Notice that there are three columns of data in the discharge dataset. The columns with 'min' and 'max' in the titles are actually the - and + error bounds corresponding to the 95% confidence intervals. They are *not* the absolute min and max values. See the plotting code below for an example of how to use these columns.

In [None]:
seb

Here we have three columns of measurements acquired by a nearby automatic weather station, the PROMICE KAN_M site. The columns are as follows:

- `swnet` : Net shortwave radiation (i.e., $SW_{down} - SW_{up}$)
- `dlhf_u` : Latent heat flux (+ve = energy supply to surface)
- `dshf_u` : Sensible heat flux (+ve = energy supply to surface)

All units are $W m^{-2}$.

## Plot the data

In [None]:
# Set up the figure and subplots
plt.figure(figsize=(7,7))
ax_ablat = plt.subplot(411)
ax_seb = plt.subplot(412, sharex=ax_ablat)
ax_alb = plt.subplot(413, sharex=ax_ablat)
ax_disch = plt.subplot(414, sharex=ax_ablat)

# Ablation data
ax_ablat.errorbar(ablation.index+pd.Timedelta(hours=12), ablation['Ablation [mm]'], yerr=ablation['Ablation [±]'], 
                  drawstyle='steps-mid', elinewidth=0.7, ecolor='gray')
ax_ablat.grid()
ax_ablat.set_ylabel('Ablation (mm)')

# Surface energy balance data
ax_seb.plot(seb.index, seb.dlhf_u, label='Latent')
ax_seb.plot(seb.index, seb.dshf_u, label='Sensible')
ax_seb.plot(seb.index, seb.swnet, label='SWnet')
ax_seb.grid()
ax_seb.set_ylabel('W m-2')

# Albedo
# First remove invalid values, which occur during night times
seb['alb'] = seb['alb'][(seb['alb'] < 1) & (seb['alb'] > 0)]
ax_alb.plot(seb.index, seb.alb, label='Albedo', color='lightgrey')
ax_alb.plot(seb.index, seb.alb.rolling('24h').mean(), label='Albedo smoothed 24h', linewidth=2)
ax_alb.set_ylim(0, 1)
ax_alb.grid()
ax_alb.set_ylabel('Albedo (0-1)')

# Discharge at the confidence bounds
lower_q = discharge['Q hour mean [m**3/s]'] + discharge['Q hour max [m**3/s]']
upper_q = discharge['Q hour mean [m**3/s]'] - discharge['Q hour min [m**3/s]']

# Plot as a filled area
ax_disch.fill_between(lower_q.index, lower_q, upper_q, alpha=0.5)
discharge['Q hour mean [m**3/s]'].plot(ax=ax_disch)
ax_disch.grid()
ax_disch.set_ylabel(r'Q ($m^3s^{-1}$)')

# Plot vertical lines
#ax_disch.axvline('2012-07-08', color='red')

# Or plot shaded areas
#ax_disch.axvspan('2012-07-09', '2012-07-11', alpha=0.3, color='red')

## Questions / Exercises

### Based only on what you see in these data, do you think that you are looking at snow melt or ice melt?

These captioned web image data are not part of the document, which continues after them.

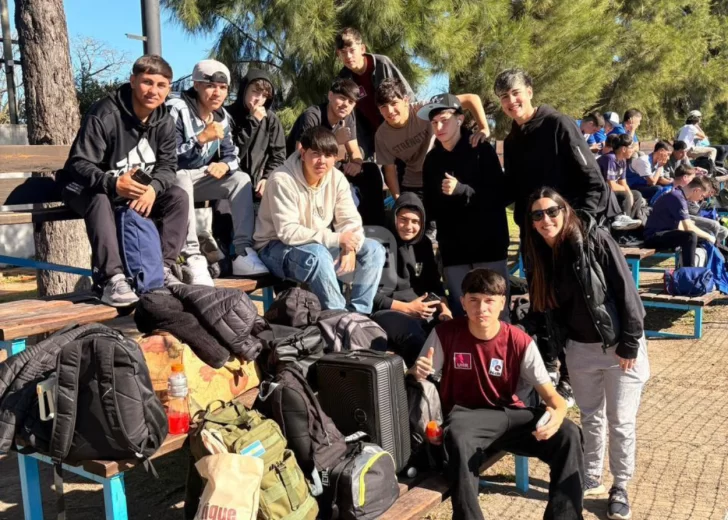 El Polo Educativo de Puerto San Martín gritó campeón y va por más en el futsal escolar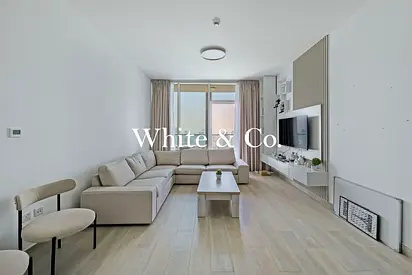 HIGH FLOOR | VACANT| SKYLINE VIEWS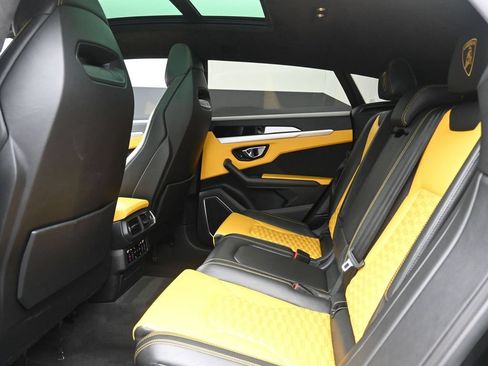 Used 2021 Lamborghini Urus AWD/4WD image 22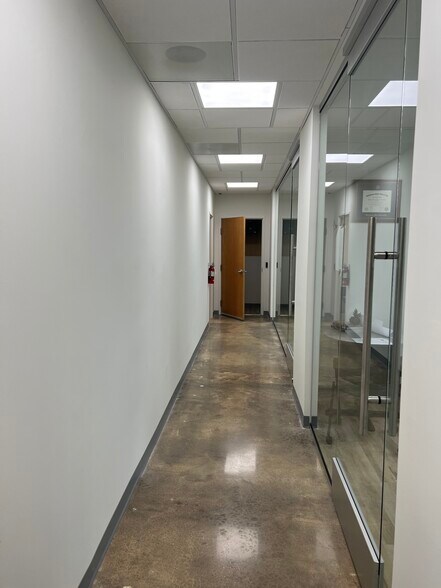 More Photos Of 11150 Morrison, Dallas Showroom For Sale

### How much water flows into the moulin per day, expressed as Olympic swimming pools?

In [None]:
# Resample the discharge data to daily sums, matching sampling of ablation data
# Note the min_count is set to the number of hours in a day, so that we only
# look at days with full temporal data
# We multiply by 60secs * 60 mins to convert m3s-1 into m3day-1.
q_daily = discharge['Q hour mean [m**3/s]'].resample('1D').sum(min_count=24) * 60 * 60

In [None]:
vol_pool_m3 = # some value, go find it.....!
# now calculate the mean daily discharge and divide it by this volume.

### Is there a significant correlation between daily ablation and daily discharge?

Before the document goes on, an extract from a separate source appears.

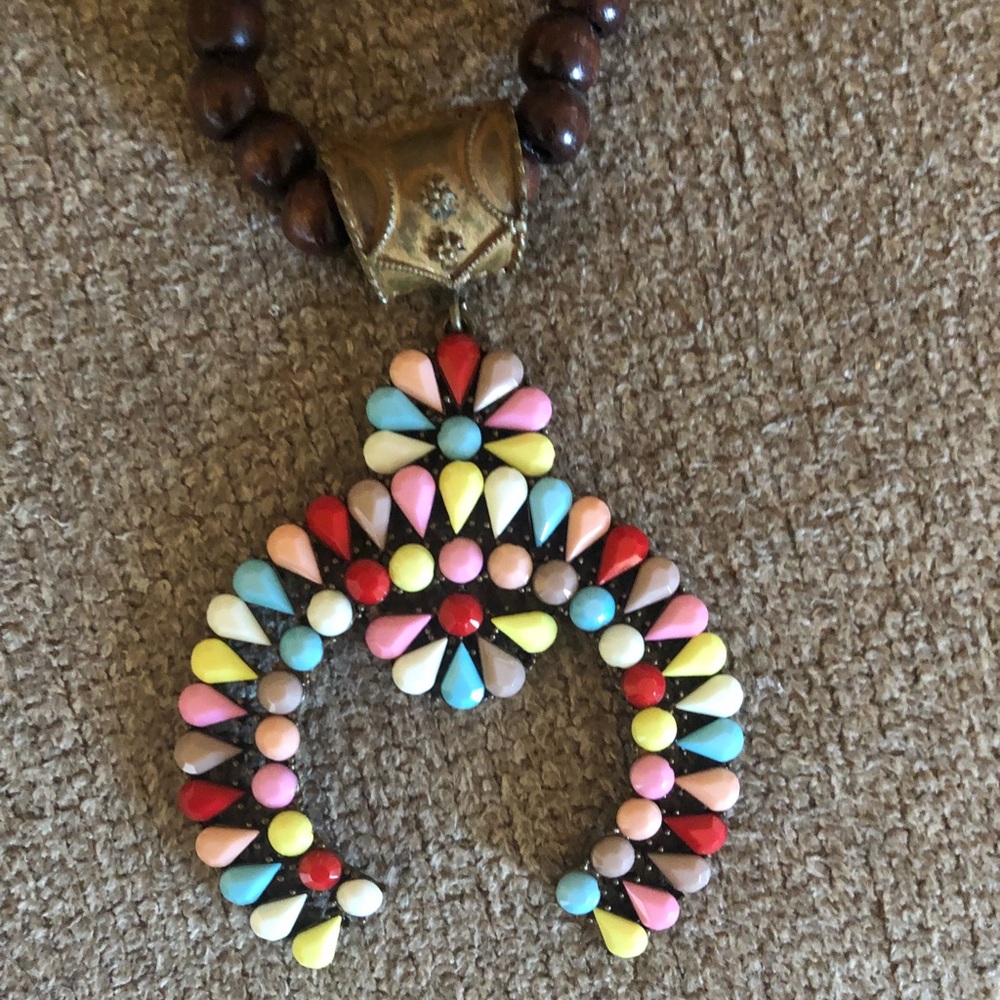 Women’s statement necklace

*To answer this question you will find the code below helpful.*

In [None]:
import statsmodels.api as sm
# Do an 'Ordinary Least Squares' regression
# See https://www.statsmodels.org/dev/generated/statsmodels.regression.linear_model.OLS.html for more information

# Cut ablation data to same time period as discharge (discharge is shorter)
X = ablation.loc[q_daily.index[0]:q_daily.index[-1]]['Ablation [mm]']

# Get the discharge mean series
Y = q_daily

# Some days are missing data; we 'drop' (remove) those days.
model = sm.OLS(Y, sm.add_constant(X), missing='drop')

fit = model.fit()
fit.summary()

Put your answer to this question below. Remember to consider the significance of the test result.

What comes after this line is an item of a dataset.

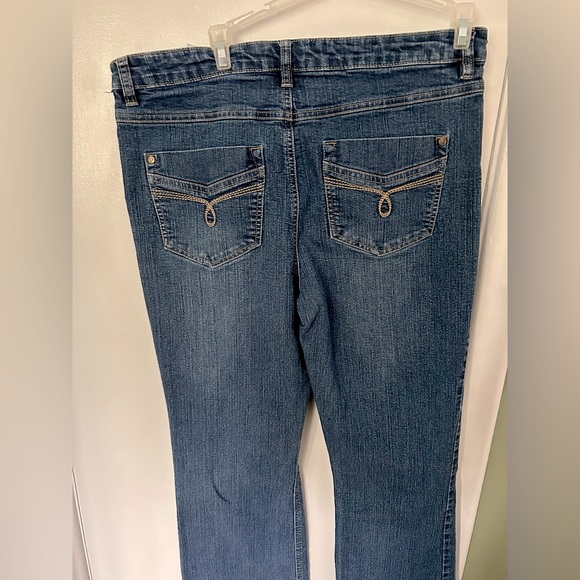 Devnver Hayes dark wash bootcut jeans - Picture 2 of 4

### Is this value what you expected, and why?

### When is peak daily discharge? Why might this be?

To answer this question and the next one, there are at least a couple of approaches that you could use:

- Manual visual interpretation of diurnal values
- Time series resampling -- see the `q_daily` example above, you can supply different functions to the `sum()` operation that we used there.

### When is base (minimum) daily discharge? Why might this be?

### You are following a range of other courses related to data analysis during your studies. What other technique(s) might you use to extend this analysis?